Burkely Gallo-November 3

Using Convection-Allowing Ensemble Attributes to Derive Operationally Relevant Tornado Probabilities


Gallo, Burkely
Ph.D. Student


November 3, 2017 - 3:00 pm


November 3, 2017 - 4:00 pm


120 David L. Boren Blvd. Room 5600, Norman, OK 73072   View map

Using Convection-Allowing Ensemble Attributes to Derive Operationally Relevant Tornado Probabilities

Convection-allowing model (CAM) ensembles generate high-resolution fields of storm environment attributes, such as the Significant Tornado Parameter (STP), along with storm-scale attributes unavailable in convection-parameterizing ensembles, such as hourly maximum updraft helicity (UH). This work uses UH and STP from CAM ensembles to generate operationally relevant tornado probabilities on a daily basis. In addition to using solely model-derived fields, empirical frequencies of a tornado given a right-moving supercell and a value of STP are incorporated into a set of probabilities. Using the empirical frequencies shifts the paradigm from a threshold exceedance approach in which a tornado would be assumed should some value of UH and/or STP be reached to a more realistic probabilistic approach. Through the probabilistic approach, each time and location has a probability of a tornado occurring based on the empirical frequencies.

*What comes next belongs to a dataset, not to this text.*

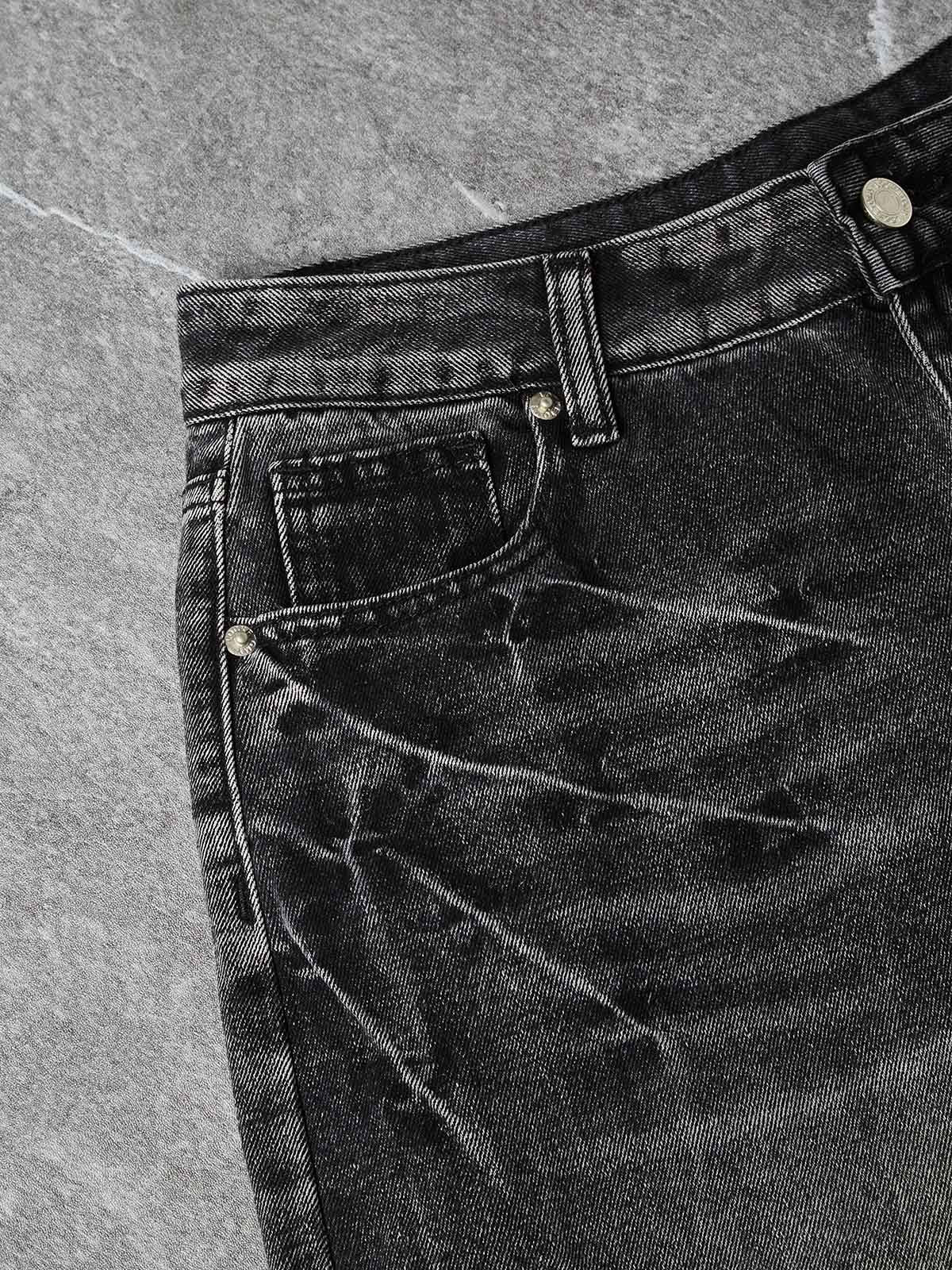 NOISSEY Vintage Distressed Denim Shorts with DIY Pearl Chain - Onyx Black & Heritage Blue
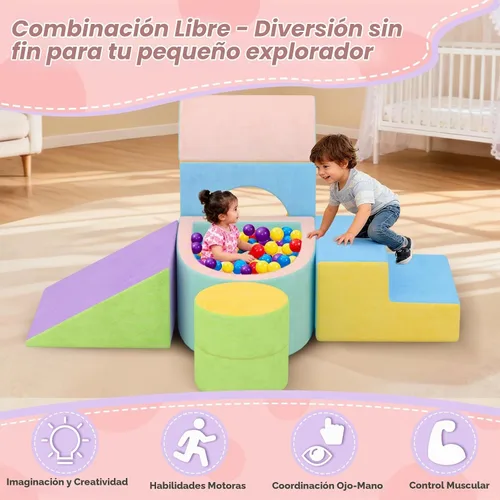 Vista 4 de Juguetes de escalada para niños pequeños para interiores, bloques de escalada de espuma para bebés de 6 piezas con pozo de bolas, juego suave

Magnitudes of the probabilities generated using the empirical frequencies are similar to operational Storm Prediction Center forecasts, whereas the threshold exceedance approach often generates probabilities with high magnitudes.

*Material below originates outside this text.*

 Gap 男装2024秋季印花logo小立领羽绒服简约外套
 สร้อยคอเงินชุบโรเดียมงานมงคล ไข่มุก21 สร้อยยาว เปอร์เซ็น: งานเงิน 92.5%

Probabilities were implemented in the NSSL-WRF ensemble and the HREFv2 ensemble and evaluated real-time by participants in the 2017 Spring Forecasting Experiment. Participants found the probabilities to be useful but also to have a false alarm problem associated with UH generated by nocturnal mesoscale convective systems (MCSs). Thus, a method was developed to use the time of model UH occurrence and the diurnal report distribution in the forecasts, lessening the nocturnal false alarm. Incorporating the time of UH occurrence lowers the overall forecast performance according to attributes such as the ROC area, but the diurnal cycle of the average probability more closely matches the diurnal cycle of the observations. When applied to individual days the time-dependent probabilities focus much more strongly on areas with right-moving supercellular tornadoes than methods that do not consider the time of UH occurrence.